Honolulu attorney loses
A former Kalihi woman is
awarded $483,875 in damages
By Debra Barayuga
June Barnedo and husband Juan Barnedo burst into tears when the verdict was announced yesterday, their attorney Frank O'Brien said.
June Barnedo had retained Dominguez to represent her in a workers' compensation and personal injury claim after losing three of her fingers and part of her right thumb in an accident with a noodle-making machine in 1989. She had been employed at Five Star Noodle Factory in Kalihi as a noodle packer for about a week and was cleaning the noodle machine when it activated and her right hand was pulled in. She had not been trained to operate the machine, but was asked by her employer to clean it.

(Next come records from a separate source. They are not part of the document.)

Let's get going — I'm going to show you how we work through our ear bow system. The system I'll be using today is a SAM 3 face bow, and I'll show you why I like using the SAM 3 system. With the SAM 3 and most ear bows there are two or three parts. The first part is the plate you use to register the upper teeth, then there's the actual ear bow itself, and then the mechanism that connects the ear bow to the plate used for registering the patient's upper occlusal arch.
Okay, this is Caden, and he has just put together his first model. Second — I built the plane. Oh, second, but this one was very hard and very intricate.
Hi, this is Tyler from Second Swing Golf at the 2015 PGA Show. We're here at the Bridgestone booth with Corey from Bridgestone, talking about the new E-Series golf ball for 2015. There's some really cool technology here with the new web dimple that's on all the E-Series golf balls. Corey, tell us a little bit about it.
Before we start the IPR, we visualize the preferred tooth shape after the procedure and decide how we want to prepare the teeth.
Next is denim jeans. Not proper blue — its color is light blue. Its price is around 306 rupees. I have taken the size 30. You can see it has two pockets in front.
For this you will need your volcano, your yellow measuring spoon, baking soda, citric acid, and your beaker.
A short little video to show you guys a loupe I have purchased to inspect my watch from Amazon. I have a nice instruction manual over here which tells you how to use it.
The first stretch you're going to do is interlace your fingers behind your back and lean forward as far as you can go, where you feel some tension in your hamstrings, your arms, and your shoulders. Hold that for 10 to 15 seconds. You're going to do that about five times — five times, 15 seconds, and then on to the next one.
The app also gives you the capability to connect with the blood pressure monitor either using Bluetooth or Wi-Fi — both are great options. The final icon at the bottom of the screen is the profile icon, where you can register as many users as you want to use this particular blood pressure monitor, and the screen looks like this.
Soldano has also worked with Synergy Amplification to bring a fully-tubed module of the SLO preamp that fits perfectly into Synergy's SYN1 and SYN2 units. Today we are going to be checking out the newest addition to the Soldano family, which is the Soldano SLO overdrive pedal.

The jury found that Dominguez was negligent in serving the lawsuit on the Japanese company that manufactured the noodle machine as well as responding to a lawsuit filed by the manufacturer against the Barnedos, O'Brien said. The jury also found that Dominguez was negligent in not naming Royal Trading as a defendant in the personal injury case. Royal Trading had obtained the noodle machine for Five Star.
Dominguez and Roy Chang, her attorney, could not be reached for comment.
During closing arguments, Chang had argued that the machine was not defective. Barnedo's injuries resulted because she and her employer violated government health and safety rules, he said.
He said Five Star failed to properly train Barnedo, who did not ask a co-worker for instructions. Barnedo did not turn off the main switch to the machine before she began cleaning it, he said.
He said Barnedo could not recover damages in her personal injury case because of issues that were not Dominguez's fault. He also said Barnedo's case was weak from the start.
Dominguez was able to resolve the workers' compensation claim and obtained for Barnedo more than $192,000 in compensation for scarring, disfigurement and loss of her fingers, lost wages and to pay for her medical bills and vocational rehabilitation, Chang said.